Hello,
I have many multiple sequence alignments, and I'm trying to visualize/quantify regions that are very similar to one another. I'm using plotcon https://emboss.sourceforge.net/apps/cvs/emboss/apps/plotcon.html but I'm getting very strange results.
I'm using the plotcon command plotcon -goutfile $data_file -sequences $msa_file -graph data -winsize 1
I am trying to understand the results, so I want to see what very simple peptides will result,
>1
AAA
>2
AAA
which results from plotcon show
1.000000 5.000000
2.000000 5.000000
3.000000 5.000000
which makes sense, that A-A similarity is the same at every position.

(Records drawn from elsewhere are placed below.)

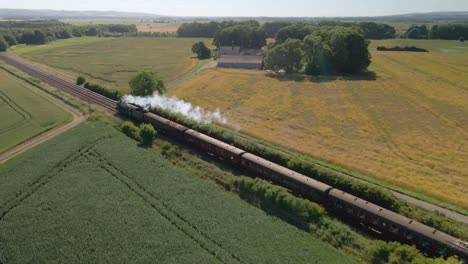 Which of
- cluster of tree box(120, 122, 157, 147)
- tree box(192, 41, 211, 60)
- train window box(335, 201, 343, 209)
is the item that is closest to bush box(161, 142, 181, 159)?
cluster of tree box(120, 122, 157, 147)

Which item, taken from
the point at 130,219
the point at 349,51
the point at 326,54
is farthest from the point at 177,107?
the point at 349,51

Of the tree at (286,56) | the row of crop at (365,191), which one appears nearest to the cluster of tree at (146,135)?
the row of crop at (365,191)

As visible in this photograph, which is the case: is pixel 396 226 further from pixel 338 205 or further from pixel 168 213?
pixel 168 213

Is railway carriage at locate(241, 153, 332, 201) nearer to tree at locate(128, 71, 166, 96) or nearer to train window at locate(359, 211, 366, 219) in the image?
train window at locate(359, 211, 366, 219)

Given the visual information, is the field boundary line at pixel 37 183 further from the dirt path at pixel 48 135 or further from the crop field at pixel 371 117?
the crop field at pixel 371 117

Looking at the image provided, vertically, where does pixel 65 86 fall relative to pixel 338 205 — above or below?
below

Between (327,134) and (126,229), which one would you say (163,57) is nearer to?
(327,134)

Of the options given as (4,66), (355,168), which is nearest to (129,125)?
(355,168) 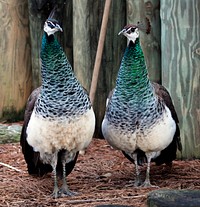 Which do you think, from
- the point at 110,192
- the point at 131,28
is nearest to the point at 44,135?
the point at 110,192

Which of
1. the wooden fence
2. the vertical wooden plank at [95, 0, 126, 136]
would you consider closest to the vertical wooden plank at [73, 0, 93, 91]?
the wooden fence

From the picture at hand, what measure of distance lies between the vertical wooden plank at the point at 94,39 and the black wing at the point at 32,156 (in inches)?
43.7

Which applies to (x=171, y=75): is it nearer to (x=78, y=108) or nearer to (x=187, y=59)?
(x=187, y=59)

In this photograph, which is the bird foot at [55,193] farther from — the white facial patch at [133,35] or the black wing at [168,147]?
the white facial patch at [133,35]

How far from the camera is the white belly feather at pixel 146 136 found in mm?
5438

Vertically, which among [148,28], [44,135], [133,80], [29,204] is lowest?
[29,204]

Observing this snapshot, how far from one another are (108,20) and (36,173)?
1.61 meters

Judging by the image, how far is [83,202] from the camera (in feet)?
16.8

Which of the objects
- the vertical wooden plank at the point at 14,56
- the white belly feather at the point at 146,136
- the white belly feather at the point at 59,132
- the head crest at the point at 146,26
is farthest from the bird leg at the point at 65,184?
the vertical wooden plank at the point at 14,56

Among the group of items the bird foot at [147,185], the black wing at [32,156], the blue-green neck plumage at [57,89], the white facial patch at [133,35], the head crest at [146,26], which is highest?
the head crest at [146,26]

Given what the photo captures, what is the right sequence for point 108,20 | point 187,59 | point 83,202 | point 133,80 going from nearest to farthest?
point 83,202 < point 133,80 < point 187,59 < point 108,20

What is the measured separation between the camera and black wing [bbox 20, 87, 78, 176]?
5.43m

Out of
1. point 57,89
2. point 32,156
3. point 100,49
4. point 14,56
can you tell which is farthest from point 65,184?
point 14,56

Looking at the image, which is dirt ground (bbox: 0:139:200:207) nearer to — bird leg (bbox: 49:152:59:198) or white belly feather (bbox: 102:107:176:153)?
bird leg (bbox: 49:152:59:198) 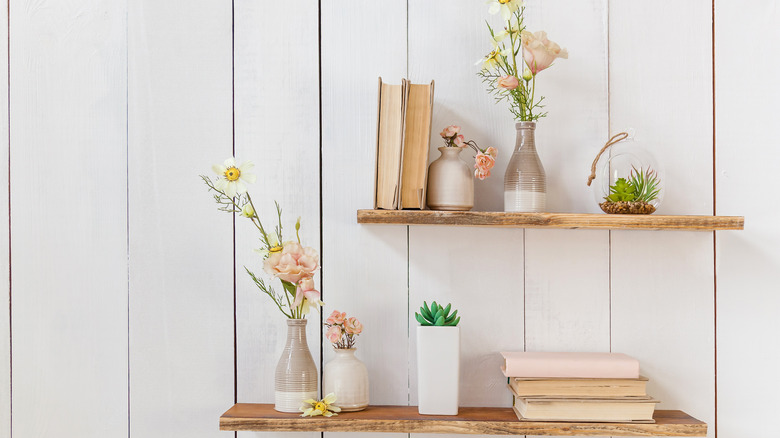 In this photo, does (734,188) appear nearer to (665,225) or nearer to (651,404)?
(665,225)

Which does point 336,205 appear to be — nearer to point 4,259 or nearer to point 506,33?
point 506,33

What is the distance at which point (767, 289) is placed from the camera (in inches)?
50.9

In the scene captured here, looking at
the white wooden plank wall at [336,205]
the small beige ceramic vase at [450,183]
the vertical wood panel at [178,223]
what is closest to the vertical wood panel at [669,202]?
the white wooden plank wall at [336,205]

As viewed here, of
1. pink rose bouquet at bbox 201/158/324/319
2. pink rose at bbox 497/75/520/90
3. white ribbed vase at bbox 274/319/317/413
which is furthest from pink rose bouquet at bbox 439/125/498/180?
white ribbed vase at bbox 274/319/317/413

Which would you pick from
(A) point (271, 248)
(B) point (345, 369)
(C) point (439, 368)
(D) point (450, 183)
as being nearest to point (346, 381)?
(B) point (345, 369)

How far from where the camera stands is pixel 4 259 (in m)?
1.31

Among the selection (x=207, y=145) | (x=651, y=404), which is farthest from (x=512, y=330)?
(x=207, y=145)

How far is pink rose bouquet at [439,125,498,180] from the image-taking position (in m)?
1.21

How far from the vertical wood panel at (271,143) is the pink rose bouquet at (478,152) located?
0.28 metres

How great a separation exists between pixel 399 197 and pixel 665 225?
0.50 m

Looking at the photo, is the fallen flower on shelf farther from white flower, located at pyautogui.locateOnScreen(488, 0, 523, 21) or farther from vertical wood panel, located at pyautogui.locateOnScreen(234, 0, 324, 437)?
white flower, located at pyautogui.locateOnScreen(488, 0, 523, 21)

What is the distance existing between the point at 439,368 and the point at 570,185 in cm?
47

However, if I show the values of every amino acid compared against itself:
A {
A 5.000000
},
C {
C 5.000000
},
D {
D -1.000000
},
E {
E 5.000000
},
F {
F 6.000000
},
G {
G 5.000000
},
H {
H -1.000000
},
I {
I 4.000000
},
K {
K -1.000000
},
L {
L 4.000000
},
M {
M -1.000000
},
N {
N -1.000000
},
P {
P 7.000000
},
Q {
Q 5.000000
},
R {
R -1.000000
},
S {
S -1.000000
},
T {
T 5.000000
},
V {
V -1.000000
},
W {
W -1.000000
},
Y {
Y -1.000000
}
}
these results make no sense at all to me.
The matrix comparison table that's mentioned in the link above seems to be flawed, as identical amino acids can have different similarity values.
Why is T-T = A-A = 5, while Y-Y=W-W=-1? This strange result makes me doubt the usefulness of the plotcon command.